"It’s official: farming is the bane of the human race, or so The New York Times has determined. Yet coming from the institution that is the alleged keeper of truth and objectivity, a recent video, “Meet the People Getting Paid to Kill Our Planet,” targeting agriculture, is riddled with misinformation.
The video immediately sparked a backlash from agricultural groups, and rightly so. The National Beef Cattlemen’s Association (NCBA) responded to the Times, saying the “claims about emissions and land use are not true.”
According to the EPA, agriculture makes up only 10 percent of greenhouse gas emissions in the United States. While fermentation in ruminant livestock accounts for nearly 30 percent of total methane emissions, it may not be as detrimental to the environment as the Times makes it out to be, where I already explored this topic in a previous column.
NCBA also pointed out that the video leaves out facts about land use in America and the relationship farmers and ranchers have with what is and is not farmed. The Times is right that agriculture uses a significant amount of land, where they point out that much of it is used to raise livestock, yet they fail to mention the difference between arable and non-arable land. Arable land allows you to grow crops, either vegetables or commercial farm commodities. However, non-arable land is unsuitable for crop production, making livestock an easy asset to maintain the landscape.
Furthermore, well-managed livestock herd grazing has multiple benefits that help the environment that even environmentalists can appreciate. Properly managed grazing systems can reduce fire hazards and promote plant and wildlife diversity, which sounds better than turning the land over to urban development.
Yet that is not enough for Sen. Cory Booker, the outspoken vegan who has introduced legislation multiple times that would severely restrict livestock production and allow for more Big Government control over food production. He believes our food system is broken.
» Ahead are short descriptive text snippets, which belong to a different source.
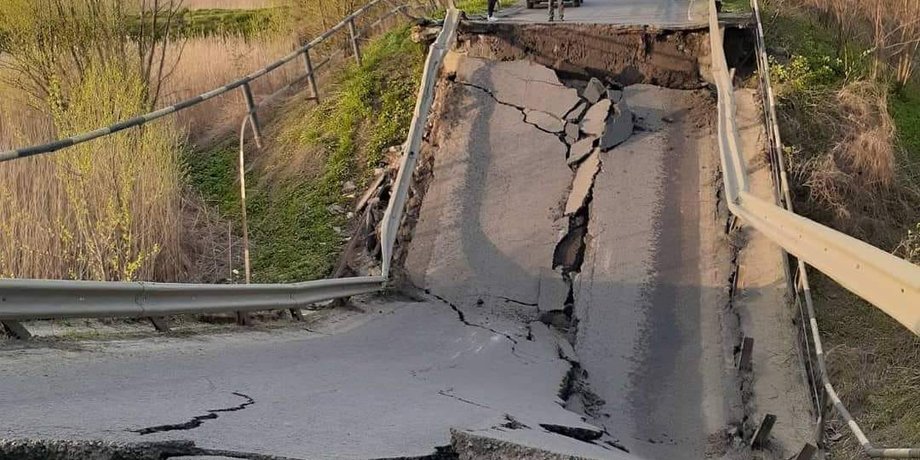Міст, що звалився на трасі Луцьк-Львів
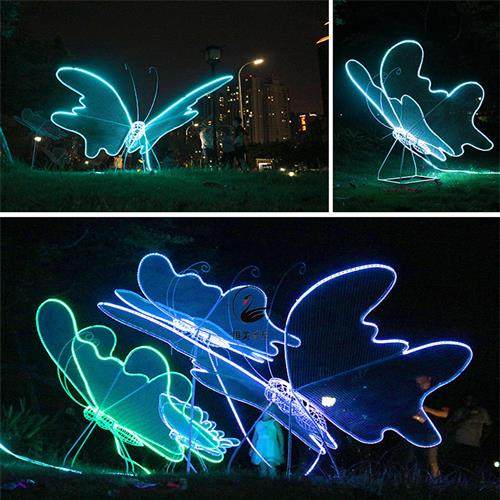 不锈钢蝴蝶雕塑户外仿真金属翅膀公园广场镂空发光装饰草坪工艺品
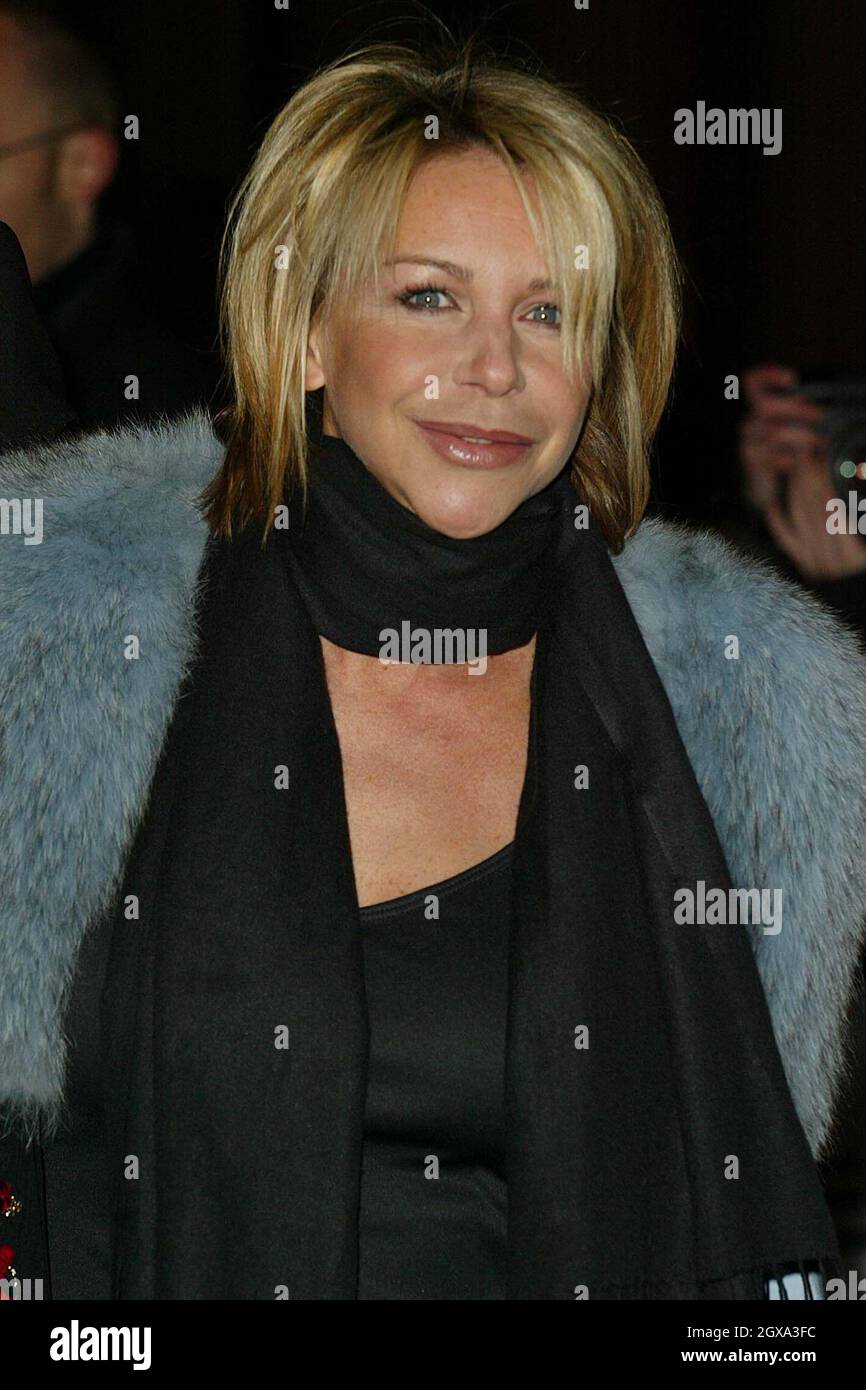 Leslie Ash Arrives At The Saatchi Gallery For The New Blood New leslie-ash-arrives-at-the-saatchi-gallery-for-the-new-blood-new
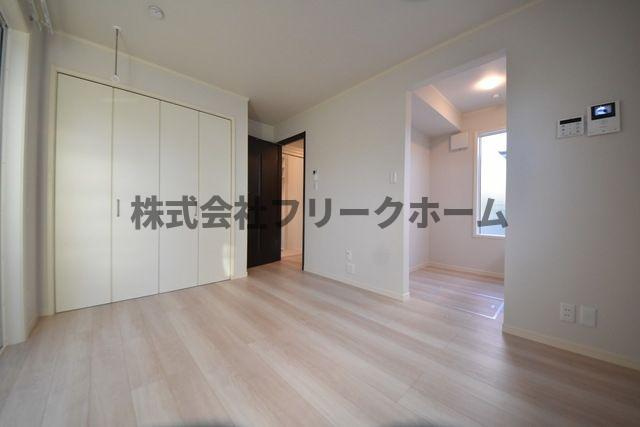 武蔵野市吉祥寺南町４丁目のアパートの居間・リビング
That may be so, which I am for finding solutions and fixing the many issues of farmer income and supply chain disruption to ensure agriculture is safe and profitable.
Aside from excluding the facts, the Times’ article labels American agriculture as propaganda, letting large lobby groups influence legislation that protects farmers. Even if the video doesn’t refer to small farmers and ranchers as propagandists, it still labels them as such because many of the large groups the video attacks (such as the American Farm Bureau Federation) represent farmers. Farmers and ranchers pay dues to become members of the organization and access resources that help economically and environmentally sustainable.
In agriculture, farmers are encouraged to share their stories, yet the Times says their stories are a part of a myth. But the real myth comes from The New York Times’ belief that farmers and ranchers don’t care.
The Times doesn’t want consumers to continue to look at farms and see the dad trying to teach their son or daughter how to drive a tractor. They don’t want consumers to see the blood, sweat and tears; the long days and nights; or the passion that goes into producing food. They don’t want consumers to see children rolling around in the dirt, jumping from hay bale to hay bale, or even the 4-H’er winning grand champion steer at the county fair.
They only want larger corporate-appearing farmers to depict agriculture because it makes the industry an easier target. Agriculture is committed to sustainability to ensure the farm or ranch can remain for generations, and it remains committed to feeding the world. Farmers aren’t paid to destroy the planet. They are paid to fuel, feed and clothe it."